### Exercise directions
In the listing that follows, locate the line containing "For convenience, the" and the line containing "In addition, the". Retype exactly those two lines and every line between them, and nothing more.

START Source records

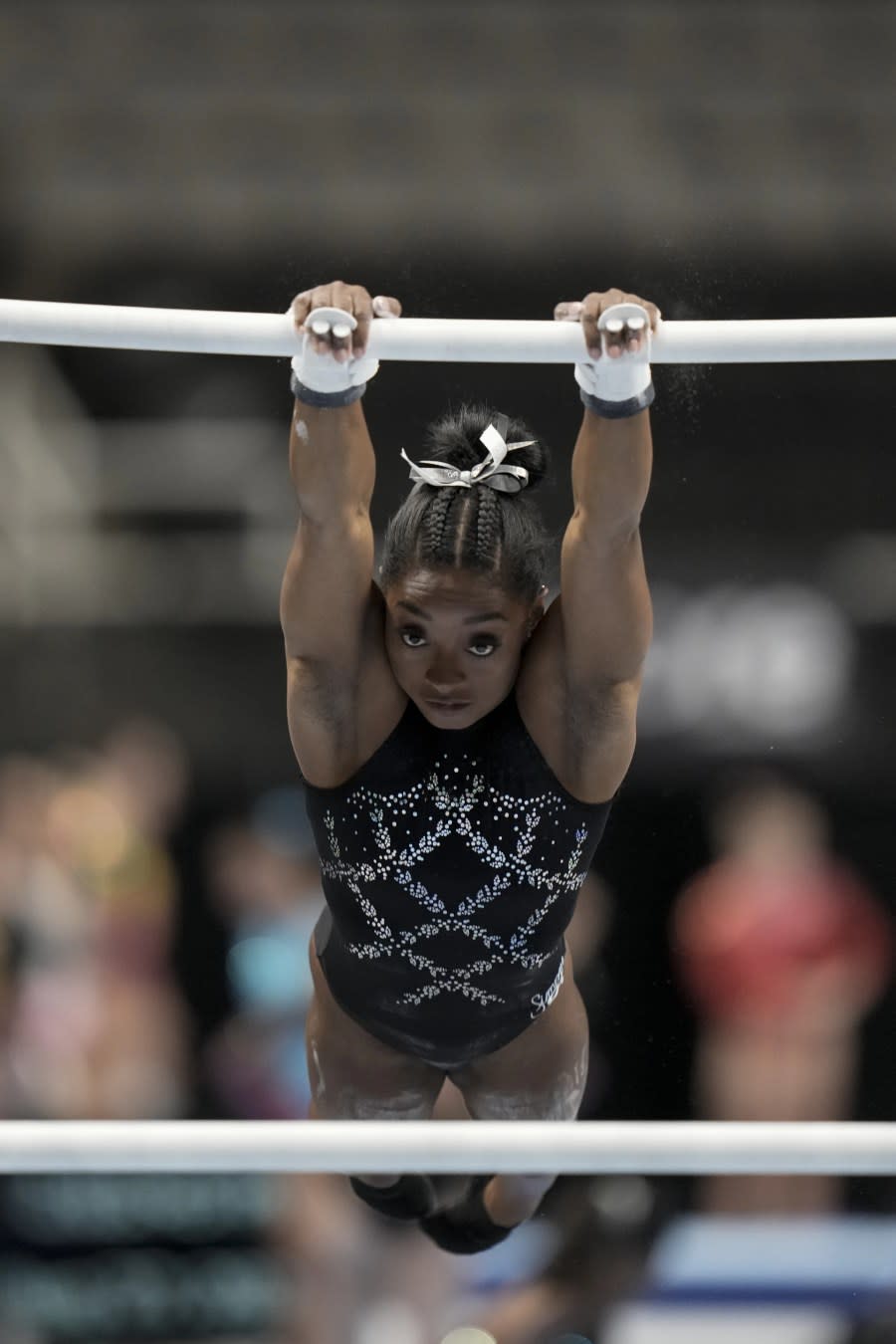 Simone Biles warms up before the U.S. Gymnastics Championships Sunday, Aug. 27, 2023, in San Jose, Calif. (AP Photo/Godofredo A. Vasquez)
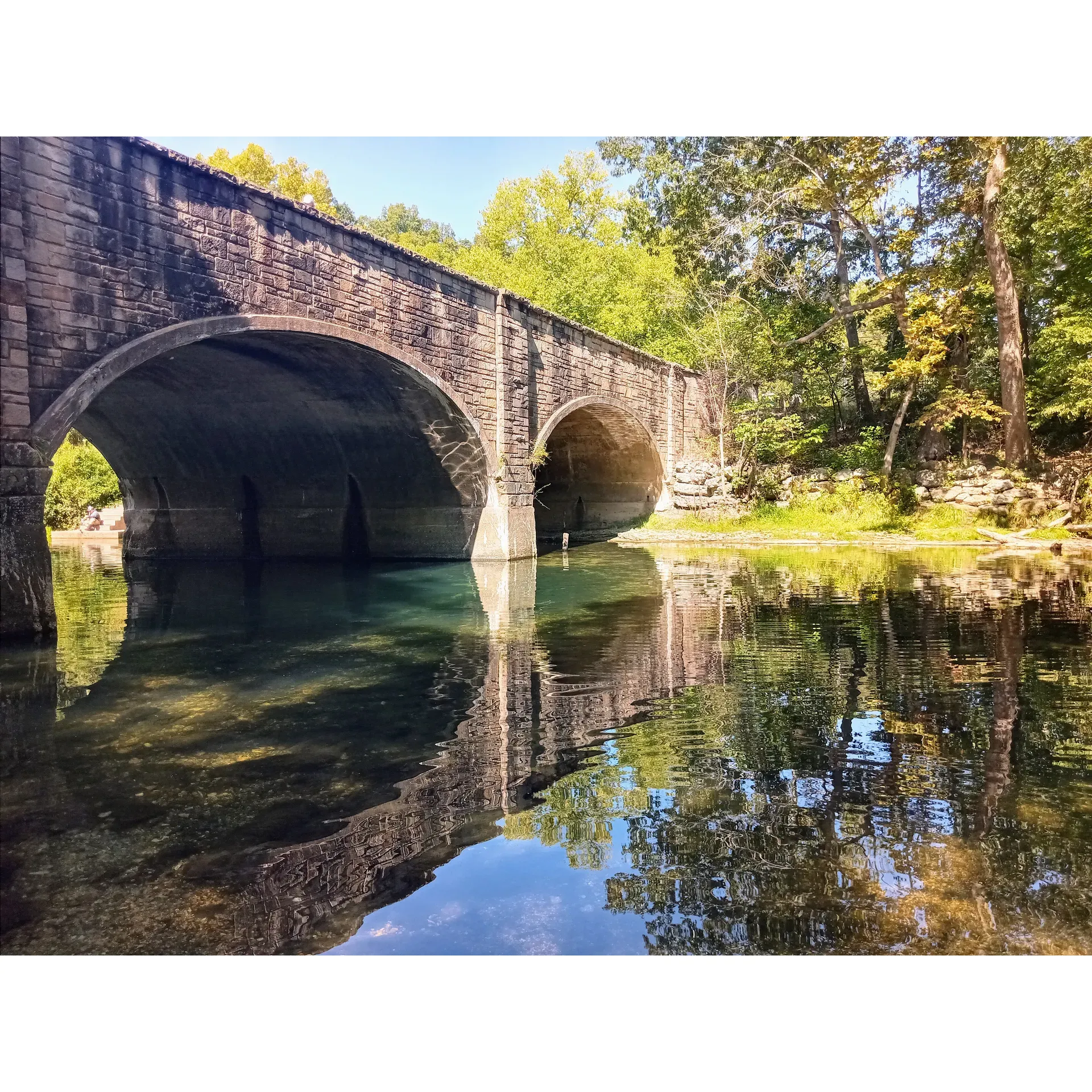 Bennett Spring State Park Campground is an idyllic retreat for families, outdoor enthusiasts, and anyone looking to indulge in a serene camping experience. Embraced by the beauty of Mother Nature, the campground shines with its immaculate conditions, welcoming four-legged friends, and boasting a well-maintained playground that guarantees joyous laughter from kids.

A haven for anglers, the park provides a top-tier fishing experience with clearly marked areas and streams abundantly stocked, ensuring the satisfaction of every fishing aficionado. Those interested in the sport will appreciate the availability of reasonably priced trout tags, along with the necessity of a fishing license and a daily tag to preserve the park's integrity and fish populations.

Promising an unforgettable experience, the campground offers both traditional camping and cabin accommodations, perfectly suited for creating lifelong memories. Whether it's celebrating a 50th wedding anniversary or continuing a cherished 35-year family tradition, visitors find a welcoming atmosphere that calls them back year after year.

For convenience, the campground includes an on-site restaurant and a well-stocked store, catering to all camping essentials. Despite ongoing renovations to enhance the dam and hatchery area, the park's commitment to upkeep remains evident, ensuring facilities like the playground remain open and inviting.

In addition, the campground's riverside setting is perfect for those looking to float or fish in a picturesque environment. The thoughtful inclusion of quiet times ensures that all guests can enjoy the tranquility of one of the state's best parks.

Overall, Bennett Spring State Park Campground is a premium choice for those seeking to unwind, connect with nature, and relish in an atmosphere of friendliness and cleanliness. The promise of summer fun keeps guests eagerly anticipating their next visit, securing its place as a beloved destination for many. Description by ChatGPT.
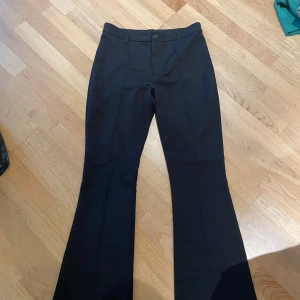 Svarta bootcut kostymbyxor hm - Snygga svarta kostymbyxor med bootcut passform och normal midja. Byxorna har klassisk design med knapp och dragkedja framtill. Perfekta för en stilren look.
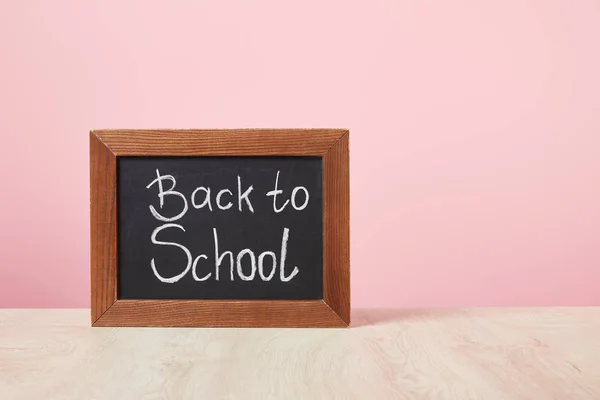 Lavagna con iscrizione di ritorno a scuola isolata su rosa — Foto stock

END Source records

### Response to this exercise
For convenience, the campground includes an on-site restaurant and a well-stocked store, catering to all camping essentials. Despite ongoing renovations to enhance the dam and hatchery area, the park's commitment to upkeep remains evident, ensuring facilities like the playground remain open and inviting.

In addition, the campground's riverside setting is perfect for those looking to float or fish in a picturesque environment. The thoughtful inclusion of quiet times ensures that all guests can enjoy the tranquility of one of the state's best parks.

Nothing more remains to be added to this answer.